Laying out urban planning. In basic terms, urban planning is concerned with the control of the use of land and design of the urban environment. Believe it or not, urban planners design our transportation networks, and ensure the orderly development of everything that makes up a city—businesses, schools, roads, entertainment facilities and residential areas. Everything you can find in a city is planned—even the water sewers beneath our feet!

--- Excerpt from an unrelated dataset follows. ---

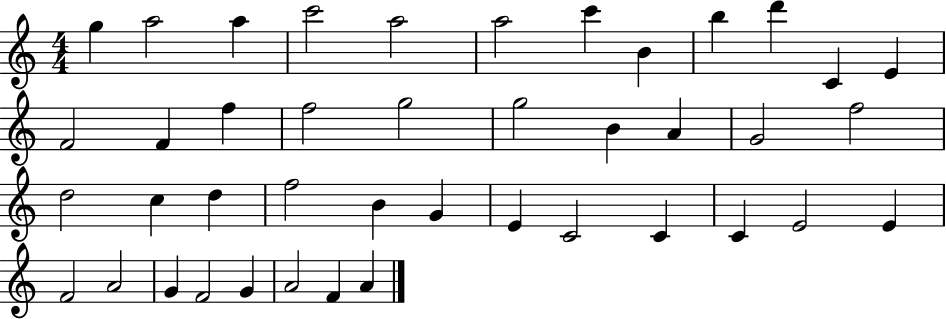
G5/q A5/h A5/q C6/h A5/h A5/h C6/q B4/q B5/q D6/q C4/q E4/q F4/h F4/q F5/q F5/h G5/h G5/h B4/q A4/q G4/h F5/h D5/h C5/q D5/q F5/h B4/q G4/q E4/q C4/h C4/q C4/q E4/h E4/q F4/h A4/h G4/q F4/h G4/q A4/h F4/q A4/q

There’s nothing more gratifying than serving other people. Urban planning and city development provide me the opportunities to serve the “public interest,” improve the life of others through a technical and political process without having to run for office, and, better yet, I get to see a finished product.

The importance of travel.
Spring semester of my junior year, I traveled to Oman through the SIT program as a Gilman Scholar. I was the first American female to intern for the country’s Supreme Committee of Town Planning. I worked side-by-side with engineers and planners in the construction of a second highway that would connect Oman to Dubai as a method to lessen the traffic congestion and high rates of car accident fatalities. The experience allowed me to understand planning from an international perspective, but also gave me the opportunity to have a hands-on experience with one the largest urban renewal projects in the history of the Middle East.

Building a bridge. Thanks to the financial support of the Marshall Center for Intercultural Learning, I had the opportunity to attend the American Planning Association’s annual conference in April 2010. I met urban planners with different areas of expertise from all over the nation. The most valued lesson I took from the conference is that the task of urban planners is to build a bridge between plans and people. You cannot create a sustainable city without considering the people living in it!

An avenue for success. Meeting economics professor Russell Williams has had a profound impact in me. Ever since I was a freshman, Professor Williams has always said his goal is to make me one of the best urban planners in the nation. He has taught me the skills of being a critical thinker, that in life one must not know the answers to everything but instead know how to ask the right questions. Lastly, he has taught me to stay grounded to my integrity and to proceed with caution.

The extent to which my professors have gone to support me and cultivate my intellectual growth demonstrates the best of a liberal arts education. You can’t find that kind of personal attention anywhere else.